Here is a picture of a Maypole dance, an old, probably pagan-derived tradition in Sweden and Germany. The general idea is for dancers to wrap ribbons around the pole in celebration of the warmer days of late spring.
Here are some pictures of May 1 commemorations this year in downtown Portland, Oregon, the city where I was raised.
You will notice that the costuming is different, as are the activities, which included setting fires, vandalizing a police car, breaking windows in storefronts and government offices, slashing every tire in a line of bicycles and lobbing rocks and full cans of cola at police officers.
I believe these demonstrators would describe themselves as anarchists. They advertised their May Day plans with banners like the one below.
It is difficult to know what the goal was. Perhaps the provocateurs believed their behavior would move Portlanders to join their cause. Perhaps they wished to be abused by police officers and thus to gain sympathy as victims of oppression.

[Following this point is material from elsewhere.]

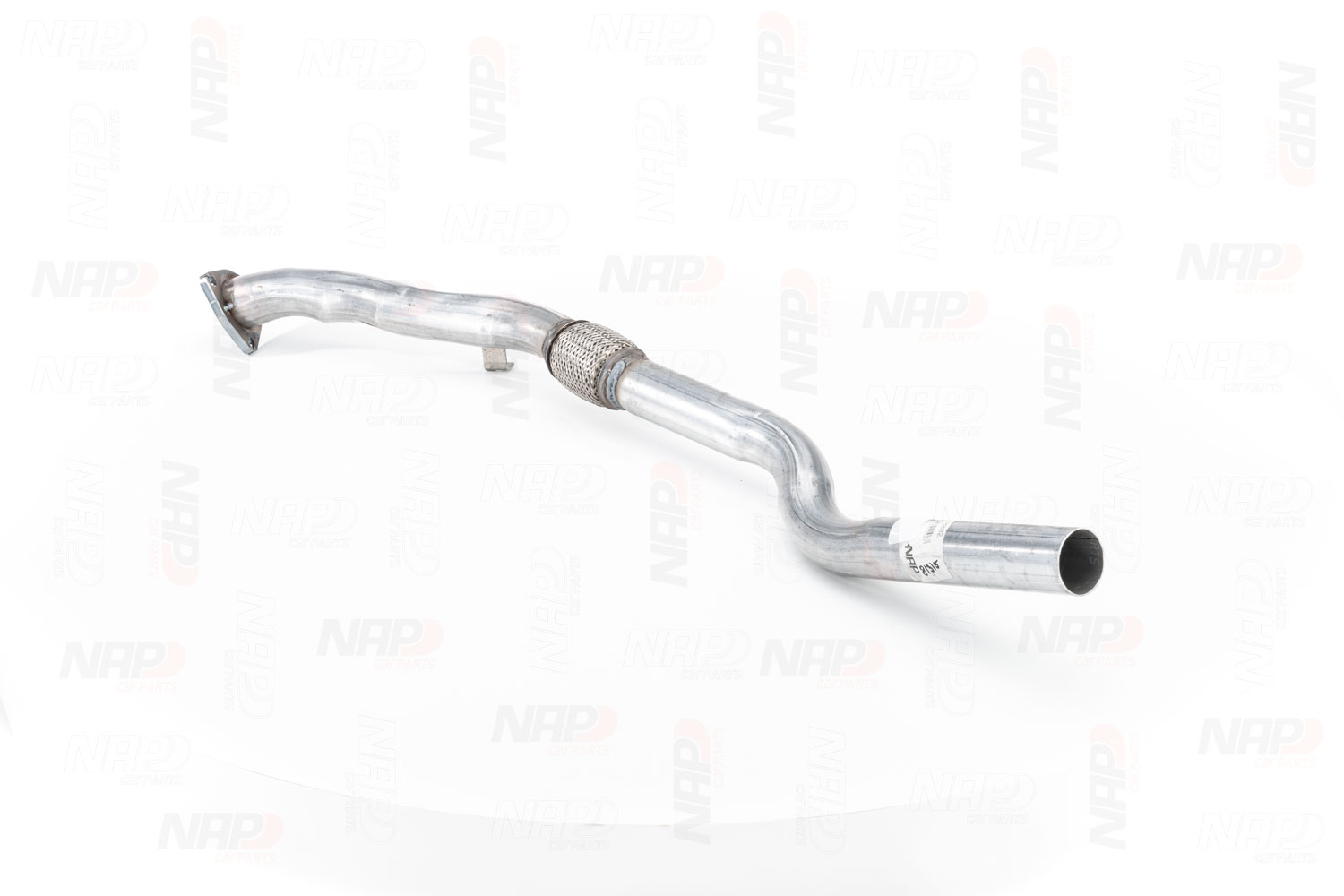 NAP carparts CAC10002 Kipufogócső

In fact, the Portland police showed up in riot gear and arrested 25 people. Given the property damage and personal violence, what else could be expected?
The appeal of anarchy and its burn-it-down sentiment have been observed for at least two thousand years, and the word itself was coined by the ancient Greeks. A state of anarchy generally is described as one in which social and political rules do not obtain and individuals are free of these constraints.
In some cases, anarchy has succeeded in toppling governments. This happened in 1789 in the French Revolution, in 1917 in the Russian Revolution and in 2010 during Egypt’s Arab Spring. It is a truism of history that events like these create vacuums that usually are filled by new governments that resemble the deposed ones, and in some cases are worse.
Another truism is that human societies do not learn much from history . Since the turn of the century, there has been a rise in May Day-like marches and riots around the U.S. Whether they will have long-term effects remains to be seen.
Hijacking a Peaceful Event
The May Day event in Portland began as an immigrants’ rights march that had been planned ahead of time. It drew several hundred people bearing signs, and included dancers and apparent camaraderie among demonstrators who shared a strong political conviction.
This was a good thing. There is a broad national discussion about immigration these days, and the marchers wanted to make their views known in Portland.
The people in black, wearing balaclavas and face-covering masks, did not participate in the march but hung around on the sidelines, with sticks and projectiles and self-made shields at the ready.
About 15 minutes after the legitimate march began, the anarchists moved in and by their action turned the attention to themselves.
Now you have to look hard to find any mention of the immigrant supporters’ concerns in reporting from Portland last Monday.
(All thanks, as usual, to WordPress’ crack team of typographers for their utterly incoherent paragraph spacing protocols.)